Das Frühjahrskonzert im Evangelischen Gemeindehaus in Süßen wurde eröffnet durch den Jugendchor „oHaaa!“, unter Leitung von Sandra Müller. Mit homogenem Chorklang intonierten die Nachwuchssängerinnen ihren Eröffnungstitel „Zarter Mohn“ von H.-J. Bareiss, der sich in einem neueren Klanggewand zeigte, genauso filigran und klangschön wie gern gesungene Songs, z.B. „Streets of London“. Vom humorvollen Schlusstitel „The Flintstones“ war das Publikum begeistert und applaudierte ausgiebig für diesen gelungenen Konzertauftakt.





 

Das Collegium Cantabile unter Leitung von Günther Lehmann entführte die Zuhörer auf einen zauberhaften und abwechslungsreichen Frühlingsspaziergang. Einfallsreich durch den Dirigenten miteinander verbunden interpretierte der Chor Werke aus fünf Jahrhunderten, die u.a. vom Liebeswerben in „Matona mia cara“ von O. di Lasso, von der Liebe in „Des Abends“ von J. Brahms, oder auch von Traurigkeit in „Madenballade“ von N. Kjellström berichten. Humorvoll ging es in modernen Sätzen von „Es klappert die Mühle am rauschenden Bach“ und „Bumerang“ zu. Dabei gelang es den Sängerinnen und Sängern überzeugend, zwischen feinfühlig verweilenden oder volksliedhaft beschwingten, schlicht harmonischen oder ausgewogen komplizierten Klängen zu wandeln. Der helle, stilsicher nuancierte Chorklang verzauberte die Zuhörer.



 

Der zweite Teil des Abends wurde vom Gemischten Chor unter der Leitung von Birgit Hammerath gestaltet.

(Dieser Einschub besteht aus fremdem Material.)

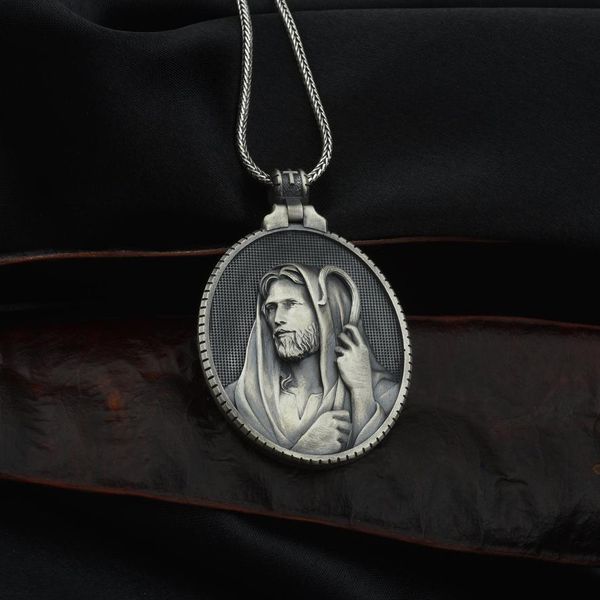 Christian pendant necklace for men, a Catholic religious accessory featuring Jesus Christ the Savior and Shepherd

Er begann mit „Süßes Lieb“, einem Madrial von John Dowland aus dem 16. Jahr-hundert mit schönem Wechselgesang zwischen den Männer- und Frauenstimmen. Anschließend erklangen schwungvoll das Volkslied „Hab mein Wage vollgelade“ und Friedrich Silchers „Mädele ruck ruck ruck“. Die nun folgenden Titel begleitete Eberhard Staudenmayer am Flügel, und der Chor übermittelte die frühlingshafte Stimmung des „Finkenwalzers“ sehr überzeugend. Das „Große Berliner Potpourri“ von Walter Kollo machte den Sängerinnen und Sängern sichtlich Spaß und kam beim Publikum sehr gut an. Die altbekannten Schlager wie „Die Männer sind alle Verbrecher“ oder „Was eine Frau im Frühling träumt“ hätte man gern noch länger gehört. Else Mühleiß, die den Abend charmant moderierte, versprach zum Schluss noch eine Überraschung. Diese entpuppte sich als humorvoller Sprechgesang „Die Rehlein beten zur Nacht“ nach dem Gedicht von Christian Morgenstern.
Zuhörer, die bis zu diesem Abend noch nicht in Frühlingsstimmung waren, kamen spätestens nach dem Konzert frohgelaunt und beschwingt nach abschließendem gemeinsamen Gesang des Liedes „Guten Abend, gut Nacht“ aus dem Saal.